● Data excerpts:
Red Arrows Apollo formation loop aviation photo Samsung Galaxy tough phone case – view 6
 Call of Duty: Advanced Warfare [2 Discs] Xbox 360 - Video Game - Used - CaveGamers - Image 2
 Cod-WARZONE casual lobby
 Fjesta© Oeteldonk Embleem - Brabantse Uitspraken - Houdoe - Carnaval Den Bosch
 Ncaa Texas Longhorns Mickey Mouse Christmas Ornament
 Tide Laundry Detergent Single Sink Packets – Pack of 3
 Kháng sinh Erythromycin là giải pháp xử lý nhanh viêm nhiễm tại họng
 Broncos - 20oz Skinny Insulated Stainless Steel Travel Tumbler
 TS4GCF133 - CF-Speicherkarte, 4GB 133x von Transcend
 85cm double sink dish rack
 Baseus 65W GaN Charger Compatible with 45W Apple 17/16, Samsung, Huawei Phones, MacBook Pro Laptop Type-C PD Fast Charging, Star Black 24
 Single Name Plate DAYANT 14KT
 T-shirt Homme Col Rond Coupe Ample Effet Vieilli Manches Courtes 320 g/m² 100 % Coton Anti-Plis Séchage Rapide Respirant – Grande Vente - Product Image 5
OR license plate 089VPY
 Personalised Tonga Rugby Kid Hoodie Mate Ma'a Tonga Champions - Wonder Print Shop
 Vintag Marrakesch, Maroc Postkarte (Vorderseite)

● Problem statement: Repeat, without change, each line of the data above from the one that contains "Call of Duty: Advanced" through the final line, counting both.

● Task solution:
 Call of Duty: Advanced Warfare [2 Discs] Xbox 360 - Video Game - Used - CaveGamers - Image 2
 Cod-WARZONE casual lobby
 Fjesta© Oeteldonk Embleem - Brabantse Uitspraken - Houdoe - Carnaval Den Bosch
 Ncaa Texas Longhorns Mickey Mouse Christmas Ornament
 Tide Laundry Detergent Single Sink Packets – Pack of 3
 Kháng sinh Erythromycin là giải pháp xử lý nhanh viêm nhiễm tại họng
 Broncos - 20oz Skinny Insulated Stainless Steel Travel Tumbler
 TS4GCF133 - CF-Speicherkarte, 4GB 133x von Transcend
 85cm double sink dish rack
 Baseus 65W GaN Charger Compatible with 45W Apple 17/16, Samsung, Huawei Phones, MacBook Pro Laptop Type-C PD Fast Charging, Star Black 24
 Single Name Plate DAYANT 14KT
 T-shirt Homme Col Rond Coupe Ample Effet Vieilli Manches Courtes 320 g/m² 100 % Coton Anti-Plis Séchage Rapide Respirant – Grande Vente - Product Image 5
OR license plate 089VPY
 Personalised Tonga Rugby Kid Hoodie Mate Ma'a Tonga Champions - Wonder Print Shop
 Vintag Marrakesch, Maroc Postkarte (Vorderseite)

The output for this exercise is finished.